RECORDS SHOWN START

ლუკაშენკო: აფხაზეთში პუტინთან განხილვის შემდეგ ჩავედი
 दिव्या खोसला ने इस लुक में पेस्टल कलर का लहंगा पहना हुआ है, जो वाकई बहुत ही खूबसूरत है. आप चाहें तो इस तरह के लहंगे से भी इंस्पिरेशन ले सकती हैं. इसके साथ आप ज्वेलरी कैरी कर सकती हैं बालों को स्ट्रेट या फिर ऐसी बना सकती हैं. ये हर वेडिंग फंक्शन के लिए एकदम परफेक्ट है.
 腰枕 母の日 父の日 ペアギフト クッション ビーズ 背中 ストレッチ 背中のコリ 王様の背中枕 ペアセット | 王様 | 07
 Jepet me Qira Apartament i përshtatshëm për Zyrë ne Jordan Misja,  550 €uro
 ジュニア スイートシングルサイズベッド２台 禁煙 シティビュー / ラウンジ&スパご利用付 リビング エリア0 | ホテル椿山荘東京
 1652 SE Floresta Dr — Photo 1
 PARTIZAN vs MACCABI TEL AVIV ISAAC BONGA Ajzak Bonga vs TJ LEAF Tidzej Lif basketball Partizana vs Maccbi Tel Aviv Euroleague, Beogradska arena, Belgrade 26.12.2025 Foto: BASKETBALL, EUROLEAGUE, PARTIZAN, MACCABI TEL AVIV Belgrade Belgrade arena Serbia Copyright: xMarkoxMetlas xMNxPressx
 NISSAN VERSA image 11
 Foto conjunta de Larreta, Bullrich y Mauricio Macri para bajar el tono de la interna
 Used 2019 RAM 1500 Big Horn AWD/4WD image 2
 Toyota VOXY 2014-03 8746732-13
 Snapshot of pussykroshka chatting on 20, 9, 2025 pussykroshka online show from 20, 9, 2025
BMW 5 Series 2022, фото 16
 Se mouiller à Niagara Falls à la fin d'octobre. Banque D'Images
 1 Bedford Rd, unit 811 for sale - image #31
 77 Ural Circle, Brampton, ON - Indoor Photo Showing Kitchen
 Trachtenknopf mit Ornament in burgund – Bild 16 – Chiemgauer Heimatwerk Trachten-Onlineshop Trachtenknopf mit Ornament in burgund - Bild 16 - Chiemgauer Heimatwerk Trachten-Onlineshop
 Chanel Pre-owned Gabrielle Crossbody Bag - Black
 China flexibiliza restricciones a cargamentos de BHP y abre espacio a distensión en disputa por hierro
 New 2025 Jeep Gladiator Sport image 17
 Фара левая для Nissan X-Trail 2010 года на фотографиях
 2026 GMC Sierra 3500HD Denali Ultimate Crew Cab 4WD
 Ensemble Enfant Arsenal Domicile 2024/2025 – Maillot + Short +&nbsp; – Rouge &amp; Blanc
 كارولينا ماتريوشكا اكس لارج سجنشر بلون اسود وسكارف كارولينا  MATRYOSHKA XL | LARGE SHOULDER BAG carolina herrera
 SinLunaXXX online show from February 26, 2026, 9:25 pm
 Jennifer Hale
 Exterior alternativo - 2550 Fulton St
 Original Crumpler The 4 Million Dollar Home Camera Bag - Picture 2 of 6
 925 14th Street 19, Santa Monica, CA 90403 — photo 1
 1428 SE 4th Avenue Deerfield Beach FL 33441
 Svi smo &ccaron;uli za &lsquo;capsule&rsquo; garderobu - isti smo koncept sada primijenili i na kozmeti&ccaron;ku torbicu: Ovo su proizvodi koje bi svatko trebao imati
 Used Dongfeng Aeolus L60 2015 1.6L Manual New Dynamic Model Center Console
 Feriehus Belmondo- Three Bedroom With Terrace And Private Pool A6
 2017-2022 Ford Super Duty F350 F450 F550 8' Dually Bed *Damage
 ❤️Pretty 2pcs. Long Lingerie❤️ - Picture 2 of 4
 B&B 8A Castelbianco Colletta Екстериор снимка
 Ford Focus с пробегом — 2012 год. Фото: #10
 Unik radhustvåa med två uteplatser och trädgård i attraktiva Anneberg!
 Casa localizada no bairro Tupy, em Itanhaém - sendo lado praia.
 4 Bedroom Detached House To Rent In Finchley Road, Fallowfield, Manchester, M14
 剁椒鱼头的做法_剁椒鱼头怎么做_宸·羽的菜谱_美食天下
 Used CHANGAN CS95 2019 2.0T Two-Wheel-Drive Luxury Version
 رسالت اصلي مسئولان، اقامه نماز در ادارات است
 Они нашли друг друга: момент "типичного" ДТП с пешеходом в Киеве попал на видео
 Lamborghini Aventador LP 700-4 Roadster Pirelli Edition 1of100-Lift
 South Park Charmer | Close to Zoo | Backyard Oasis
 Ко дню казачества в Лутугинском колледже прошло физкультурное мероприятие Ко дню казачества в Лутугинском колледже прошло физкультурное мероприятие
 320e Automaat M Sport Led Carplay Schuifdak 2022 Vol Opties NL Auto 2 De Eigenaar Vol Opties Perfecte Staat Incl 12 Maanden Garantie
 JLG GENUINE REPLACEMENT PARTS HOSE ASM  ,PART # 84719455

RECORDS SHOWN END

• _ACTION ITEM_:
Transcribe the listing so that each line matches exactly.

• _ANSWER SPACE_:
ლუკაშენკო: აფხაზეთში პუტინთან განხილვის შემდეგ ჩავედი
 दिव्या खोसला ने इस लुक में पेस्टल कलर का लहंगा पहना हुआ है, जो वाकई बहुत ही खूबसूरत है. आप चाहें तो इस तरह के लहंगे से भी इंस्पिरेशन ले सकती हैं. इसके साथ आप ज्वेलरी कैरी कर सकती हैं बालों को स्ट्रेट या फिर ऐसी बना सकती हैं. ये हर वेडिंग फंक्शन के लिए एकदम परफेक्ट है.
 腰枕 母の日 父の日 ペアギフト クッション ビーズ 背中 ストレッチ 背中のコリ 王様の背中枕 ペアセット | 王様 | 07
 Jepet me Qira Apartament i përshtatshëm për Zyrë ne Jordan Misja,  550 €uro
 ジュニア スイートシングルサイズベッド２台 禁煙 シティビュー / ラウンジ&スパご利用付 リビング エリア0 | ホテル椿山荘東京
 1652 SE Floresta Dr — Photo 1
 PARTIZAN vs MACCABI TEL AVIV ISAAC BONGA Ajzak Bonga vs TJ LEAF Tidzej Lif basketball Partizana vs Maccbi Tel Aviv Euroleague, Beogradska arena, Belgrade 26.12.2025 Foto: BASKETBALL, EUROLEAGUE, PARTIZAN, MACCABI TEL AVIV Belgrade Belgrade arena Serbia Copyright: xMarkoxMetlas xMNxPressx
 NISSAN VERSA image 11
 Foto conjunta de Larreta, Bullrich y Mauricio Macri para bajar el tono de la interna
 Used 2019 RAM 1500 Big Horn AWD/4WD image 2
 Toyota VOXY 2014-03 8746732-13
 Snapshot of pussykroshka chatting on 20, 9, 2025 pussykroshka online show from 20, 9, 2025
BMW 5 Series 2022, фото 16
 Se mouiller à Niagara Falls à la fin d'octobre. Banque D'Images
 1 Bedford Rd, unit 811 for sale - image #31
 77 Ural Circle, Brampton, ON - Indoor Photo Showing Kitchen
 Trachtenknopf mit Ornament in burgund – Bild 16 – Chiemgauer Heimatwerk Trachten-Onlineshop Trachtenknopf mit Ornament in burgund - Bild 16 - Chiemgauer Heimatwerk Trachten-Onlineshop
 Chanel Pre-owned Gabrielle Crossbody Bag - Black
 China flexibiliza restricciones a cargamentos de BHP y abre espacio a distensión en disputa por hierro
 New 2025 Jeep Gladiator Sport image 17
 Фара левая для Nissan X-Trail 2010 года на фотографиях
 2026 GMC Sierra 3500HD Denali Ultimate Crew Cab 4WD
 Ensemble Enfant Arsenal Domicile 2024/2025 – Maillot + Short +&nbsp; – Rouge &amp; Blanc
 كارولينا ماتريوشكا اكس لارج سجنشر بلون اسود وسكارف كارولينا  MATRYOSHKA XL | LARGE SHOULDER BAG carolina herrera
 SinLunaXXX online show from February 26, 2026, 9:25 pm
 Jennifer Hale
 Exterior alternativo - 2550 Fulton St
 Original Crumpler The 4 Million Dollar Home Camera Bag - Picture 2 of 6
 925 14th Street 19, Santa Monica, CA 90403 — photo 1
 1428 SE 4th Avenue Deerfield Beach FL 33441
 Svi smo &ccaron;uli za &lsquo;capsule&rsquo; garderobu - isti smo koncept sada primijenili i na kozmeti&ccaron;ku torbicu: Ovo su proizvodi koje bi svatko trebao imati
 Used Dongfeng Aeolus L60 2015 1.6L Manual New Dynamic Model Center Console
 Feriehus Belmondo- Three Bedroom With Terrace And Private Pool A6
 2017-2022 Ford Super Duty F350 F450 F550 8' Dually Bed *Damage
 ❤️Pretty 2pcs. Long Lingerie❤️ - Picture 2 of 4
 B&B 8A Castelbianco Colletta Екстериор снимка
 Ford Focus с пробегом — 2012 год. Фото: #10
 Unik radhustvåa med två uteplatser och trädgård i attraktiva Anneberg!
 Casa localizada no bairro Tupy, em Itanhaém - sendo lado praia.
 4 Bedroom Detached House To Rent In Finchley Road, Fallowfield, Manchester, M14
 剁椒鱼头的做法_剁椒鱼头怎么做_宸·羽的菜谱_美食天下
 Used CHANGAN CS95 2019 2.0T Two-Wheel-Drive Luxury Version
 رسالت اصلي مسئولان، اقامه نماز در ادارات است
 Они нашли друг друга: момент "типичного" ДТП с пешеходом в Киеве попал на видео
 Lamborghini Aventador LP 700-4 Roadster Pirelli Edition 1of100-Lift
 South Park Charmer | Close to Zoo | Backyard Oasis
 Ко дню казачества в Лутугинском колледже прошло физкультурное мероприятие Ко дню казачества в Лутугинском колледже прошло физкультурное мероприятие
 320e Automaat M Sport Led Carplay Schuifdak 2022 Vol Opties NL Auto 2 De Eigenaar Vol Opties Perfecte Staat Incl 12 Maanden Garantie
 JLG GENUINE REPLACEMENT PARTS HOSE ASM  ,PART # 84719455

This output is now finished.